The 68000 contract that matters to us is a clean, roomy register file — one of the reasons programmers loved this chip:
| Registers | Width | What they hold |
|---|---|---|
| D0 – D7 | 32-bit | Eight general-purpose data registers: integers, counters, pixels, flags — the arithmetic workbench. |
| A0 – A7 | 32-bit | Eight address registers: pointers into memory. A7 doubles as the stack pointer (Module 04). |
| PC | 24-bit used | The bookmark from Module 01. The address bus is 24 bits, so it reaches 16 MB. |
| SR / CCR | 16-bit | The status register; its low byte is the condition-code register — flags X N Z V C (Module 08) — its high byte holds the interrupt mask (Module 05). |
Two register banks, eight of each, all 32 bits wide even though the chip talks to memory 16 bits at a time — a generous, orthogonal layout that made the 68000 a joy to program by hand. We'll put every one of these to work in Part II.
- Registers are a few dozen ultra-fast slots inside the CPU; memory is the big, slow warehouse.
- RISC forbids arithmetic-on-memory; CISC (the 68000) allows a single instruction to read, compute and write memory.
- An ISA is a contract; a chip is an implementation. The 68000 is a family, and emulators implement its contract in software.
- The 68000 gives you eight 32-bit data registers (D0–D7) and eight 32-bit address registers (A0–A7, with A7 = stack pointer).
Numbers in binary
Everything a CPU touches is stored in bits —
switches that are either 0 or 1. A row of bits reads as a number in
binary, exactly like decimal but with columns worth
1, 2, 4, 8, 16… instead of 1, 10, 100. So 1011 is
8 + 2 + 1 = 11. With n bits you
get 2n patterns: a byte (8 bits) covers 0–255, and the
68000's 32-bit registers cover a bit over four billion values.

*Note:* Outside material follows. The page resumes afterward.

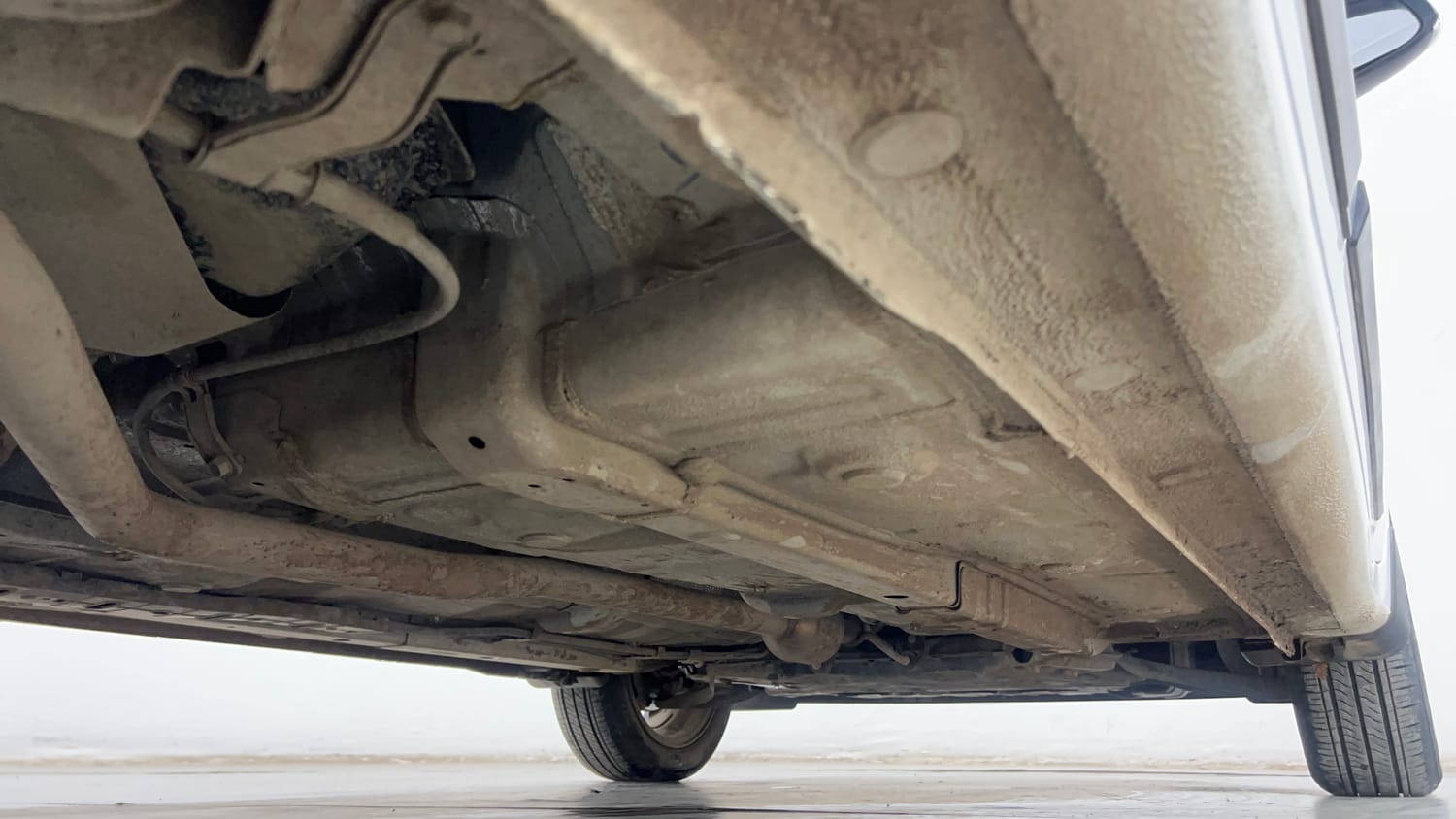 Used 2023 Hyundai Aura SX 1.2 CNG Cng Manual extra REAR RIGHT UNDERBODY VIEW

Writing long binary strings by hand is miserable, so everyone uses
hexadecimal — base 16, digits 0–9 then A–F. Its
charm is that one hex digit is exactly four bits, so a byte is two
neat hex digits and a 68000 word is four. When you see
$C00000 or 0xFF0000 later, that
$ (the traditional 68000 prefix) or 0x just
means “read this in hex”. Get comfortable now: hardware
addresses are always written this way.
Negative numbers need a convention, and the universal one is
two's complement: keep counting past the top and let
the value wrap around, like a car's odometer rolling over — except we
relabel the top half of the patterns as the negatives. In 8
bits, 11111111 is −1, 11111110 is −2, down
to 10000000 = −128. The lovely consequence: the
same adder circuit adds signed and unsigned numbers correctly without
knowing which it's doing — and to negate a number you simply flip
every bit and add one. The price is a fixed window (−128…+127 for a
byte) and arithmetic that silently wraps when you leave it — a wrap
the 68000 flags for you (Module 08).
An old car odometer at 000000, wound back one click,
shows 999999 — everyone reads that as
“−1”, not “nine hundred thousand”.
Two's complement
is the same trick in binary: the counter has a fixed number of
wheels, and the numbers just below zero are the all-nines
(all-ones) patterns at the top. Nothing about the wheels changed —
only how we agree to read the top half.
Bytes, words & longwords — and which end comes first
The 68000 groups bytes into three sizes you'll meet constantly: a
byte (8 bits, .b), a
word (16 bits, .w), and a
longword (32 bits, .l). Most
instructions let you pick the size. But storing a multi-byte value in
byte-addressed memory forces a choice: which byte goes in the lower
address? The 68000 is
big-endian
— the most significant byte goes first, at the lowest
address, the way we write numbers left-to-right. So the longword
$12345678 sits in memory as
12 34 56 78. Your PC's x86 CPU is the
opposite (little-endian), which is exactly the kind of mismatch an
emulator has to bridge byte-by-byte (Module 14).
Now go poke the bits yourself. Every square below is a button. Flip
them and read the same pattern three ways at once — as an unsigned
number, as a two's-complement signed number, and in hex.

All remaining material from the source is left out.